Ejderin gözünü aktif etmek Feng Wei ye dayanılmaz bir zihinsel ve fiziksel acı veriyordu ve bu gücü en fazla 10 saniye kadar sürdürebiliyordu buna ' Sınırları aşmak ' tekniğini de ekleyince bu süre 12 saniyeye kadar çıkabiliyordu.

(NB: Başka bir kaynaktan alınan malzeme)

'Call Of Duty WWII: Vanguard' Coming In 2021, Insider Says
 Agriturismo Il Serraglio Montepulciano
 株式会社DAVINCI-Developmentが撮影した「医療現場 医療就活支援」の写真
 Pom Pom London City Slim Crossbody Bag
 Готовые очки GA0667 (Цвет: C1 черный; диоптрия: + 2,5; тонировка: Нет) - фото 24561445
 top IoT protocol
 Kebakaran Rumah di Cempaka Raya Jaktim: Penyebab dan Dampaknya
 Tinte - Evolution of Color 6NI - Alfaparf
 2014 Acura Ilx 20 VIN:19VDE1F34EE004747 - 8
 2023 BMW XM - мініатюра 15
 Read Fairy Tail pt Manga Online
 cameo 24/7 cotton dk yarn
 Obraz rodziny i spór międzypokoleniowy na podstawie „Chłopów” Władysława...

' 12 saniye onu bu süre içinde yenemezsem zaten vücudum otomatik olarak düşecektir bu tek şansım '
Feng Wei bu iki tekniği kullandıktan sonra hızlıca yaşlı adamın üstüne atıldı bu sefer adamın bütün hamlelerini daha erken gördüğü için daha hızlı davranıyor ve ona üstünlük kurabiliyordu fakat bu saldırıları yaparken çoktan 5 saniye geçmişti bile.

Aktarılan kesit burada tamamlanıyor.